Work in August and September 2002 to the west of the castle was designed in part to try to locate buried traces of this structure. However, there are other 'lost' buildings at Croft, including the neo-Classical pedimented structure shown on Ross' c.1790 aquatint (see figure) located to the north-east of the mansion. The foundations of this building appear to be faintly discernible during parched conditions. A rectangular structure is shown here on an estate map of 1798, but it had been swept away by the time that the neo-Gothic curtain wall had been built, and the new curving approach drive had been constructed, by 1825.
A detached dining hall and possible orangery
This was the first area to be opened up in 2002. The excavation revealed that a substantial building supported by squared timber posts and with brick drains set into a cobbled floor had been built here in the earlier C18th. This was then superceded later in the same century by the building shown on the Ross aquatint. This has a larger and at least one smaller room with raised timber floors. It is supposed that the building was therefore some kind of detached dining hall. Running eastwards for at least 40 metres from its eastern gable there had once stood an orangery or plant house with a brick-built heated north cavity wall. This building had already been demolished by 1798, according to the evidence of the estate plan of that date.

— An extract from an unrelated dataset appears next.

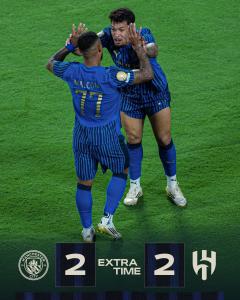 Malcom e Marcos Leonardo comemorando gol do Al-Hilal sobre o Manchester Ciy no Mundial de Clubes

Garden walls and statue plinths
West of the castle, further traces of the gardens of 1700-10 were found, in the form of the stone-built basal courses of garden walls, a foundation for the plinth for a statue, and an artificial earthen terrace. Some localised subsidence had been made good by the dumping of deposits of late seventeenth century brick and window glass. The deposit was dated by the inclusion of a near-complete stamped clay pipe made locally at Pipe Aston between the years 1690 and 1710. The window glass included hundreds of fragments of small window panes made from opaque glass. However, it also included numerous large pieces from medieval stained glass windows, presumably re-used in the later casements.
Below this dump deposit was found a sterile yellow clay deposit. When this had been removed, a marked depression was noted running obliquely across the excavated area. This was found to follow the line of a robbed-out wall foundation. In the back-fill of this robber trench there were numerous pieces of carefully dressed stone from a large medieval arch, along with other moulded pieces of medieval stonework. This was an important find, since it appeared to bear out the theory that we had developed, that the medieval Croft Castle perhaps once stood to the west or north-west of the present castle, at a greater distance than at present, from the parish church of St. Michael. Meanwhile, across the whole of the excavated area dumps of late sixteenth century brick and tile were found. A deposit of mortar below these dumps nearby was thought initially to represent a medieval floor level.
Dendrochonology lends a hand…
It was at this point that the results of dendrochronology of timbers from the present mansion were received from Ian Tyers of Sheffield University. This latter work has been conducted in concert with historic buildings recording by Richard Morriss. The mansion is built around a central courtyard, and once featured a northwards-projecting service wing. The tree-ring chronology produced a clear indication that not only the roofs of all four ranges of the mansion, but also the basement level of the north range, and the service range (of which part of one bay survives) were built in 1662-3.
Towards the end of the 2002 season, the excavation revealed the 1.5m high foundations of a substantial north-south wall. This mirrored the robbed foundation trench in profile, and the large stone course-work continued to a lower level in its west elevation than to the east. From this, it was deduced that the structure had once comprised the eastern wall of the undercroft of a medieval hall. This wall had been deliberately truncated southwards, and abutting the western side of its new terminus a fine east-west wall had been built, the meticulous course-work of which still stood to over a metre high. Immediately southwards from this wall, all trace of medieval deposits had been removed. Material demolished from this wall included the upper and lower mouldings of a high quality two- or three-light mullioned stone window.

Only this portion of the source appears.